DATA EXTRACT>
+ + + +
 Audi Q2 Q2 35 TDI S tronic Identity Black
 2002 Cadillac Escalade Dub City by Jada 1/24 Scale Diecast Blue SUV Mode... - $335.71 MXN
+ + + +
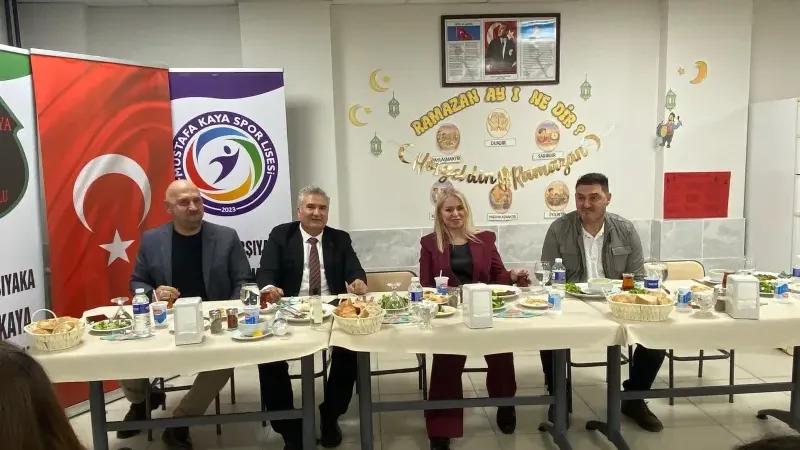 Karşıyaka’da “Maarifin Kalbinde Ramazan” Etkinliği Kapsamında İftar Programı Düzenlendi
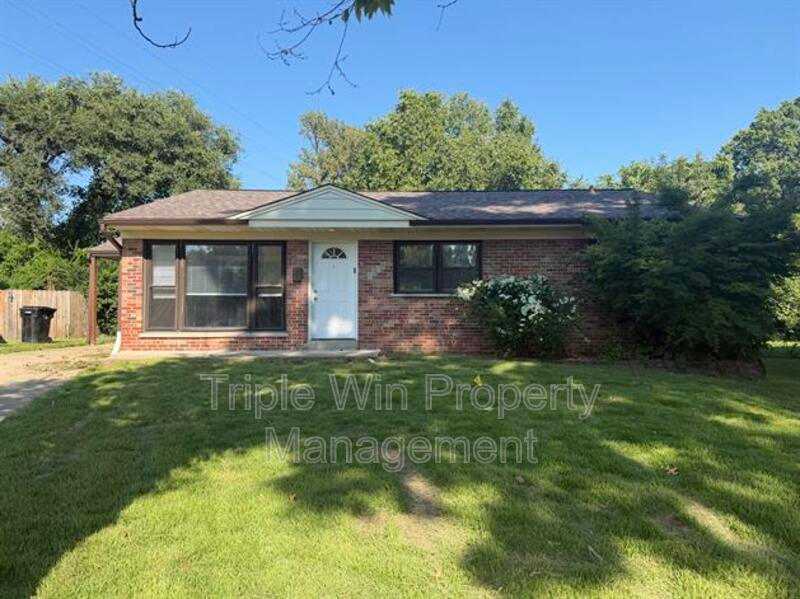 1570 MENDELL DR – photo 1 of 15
+ + + +
EXERCISE OBJECTIVE> Your answer should be the lines above, from the line containing "Audi Q2 Q2 35 TDI S tronic Identity Black" up to and including the line containing "2002 Cadillac Escalade", reproduced exactly and with nothing else.

COMPLETED EXERCISE>
 Audi Q2 Q2 35 TDI S tronic Identity Black
 2002 Cadillac Escalade Dub City by Jada 1/24 Scale Diecast Blue SUV Mode... - $335.71 MXN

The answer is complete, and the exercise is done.